Emissions Control, Myths and Realities
COST Comments: Carbon emissions policies can have a major impact relative to COST’s mission: “sustainable, cost-effective people mobility solutions for the Austin region.”
The article below from the American Enterprise Institute helps to “frame” the issue for the United States and the world, providing a more constructive basis for addressing mobility solutions.
The United States is having better luck at controlling its emissions than most other countries, without the multi-billion-dollar mandates of the Kyoto anti-global warming treaty, says Drew Thornley, author of a new report, “Energy & the Environment: Myths & Facts,” published by the Manhattan Institute.
According to the U.S. Energy Information Administration (EIA):
• Carbon-dioxide emissions from the combustion of fossil fuels increased 0.7 percent in the United States from 2000 to 2006, far below the worldwide increase of 21.6 percent.

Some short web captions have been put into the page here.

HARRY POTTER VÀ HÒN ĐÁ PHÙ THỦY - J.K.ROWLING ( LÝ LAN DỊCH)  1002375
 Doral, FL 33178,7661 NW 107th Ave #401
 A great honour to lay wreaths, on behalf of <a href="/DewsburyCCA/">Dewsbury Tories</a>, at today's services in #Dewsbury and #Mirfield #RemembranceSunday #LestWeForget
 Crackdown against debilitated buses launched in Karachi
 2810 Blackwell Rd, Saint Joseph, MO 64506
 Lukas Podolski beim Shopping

• During the same period, emissions grew 4.9 percent in Europe, 37.6 percent in the Middle East, and 52.3 percent in Asia.
• Major developing nations saw big increases; for instance, India, Malaysia and China’s emissions increased 27.7 percent, 45.8 percent and 103 percent, respectively.
In 2006, China passed the United States as the world’s biggest carbon emitter, and its lead is growing daily:
• The EIA projects that China’s energy-related emissions of carbon dioxide will exceed American emissions by almost 15 percent in 2010 and by 75 percent in 2030.
• In 1990, China and India together accounted for 13 percent of the world’s emissions; in 2005, their contribution was 23 percent; and in 2030, they are expected to account for 34 percent of the world’s emissions.
The best-known U.S. carbon-cutting legislation provides a good idea of just how costly such plans run:
• America’s Climate Security Act, also known as the Lieberman-Warner bill, called for emission reductions of 63 percent below the 2005 level by 2050 (President Obama’s much more ambitious plan is to cut emissions 83 percent below 2005 levels by 2050.).
• The Environmental Protection Agency (EPA) projected that Lieberman-Warner could, by 2050, lower gross domestic product (GDP) by up to 6.9 percent, increase average gasoline prices by $1.40 per gallon, and raise electricity prices by 26 percent. Many private economic estimates were considerably higher.
• The EPA projected that America’s Climate Security Act could, by 2050, lower GDP by up to 6.9 percent, increase average gasoline prices by $1.40 per gallon, and raise electricity prices by 26 percent.
We have a growing population with growing energy needs. The last thing we should do is implement policies that will reduce the supply of energy. We need more energy, and we need affordable energy. Adopting a carbon-cutting regime, à la Kyoto, will give us neither, says Thornley.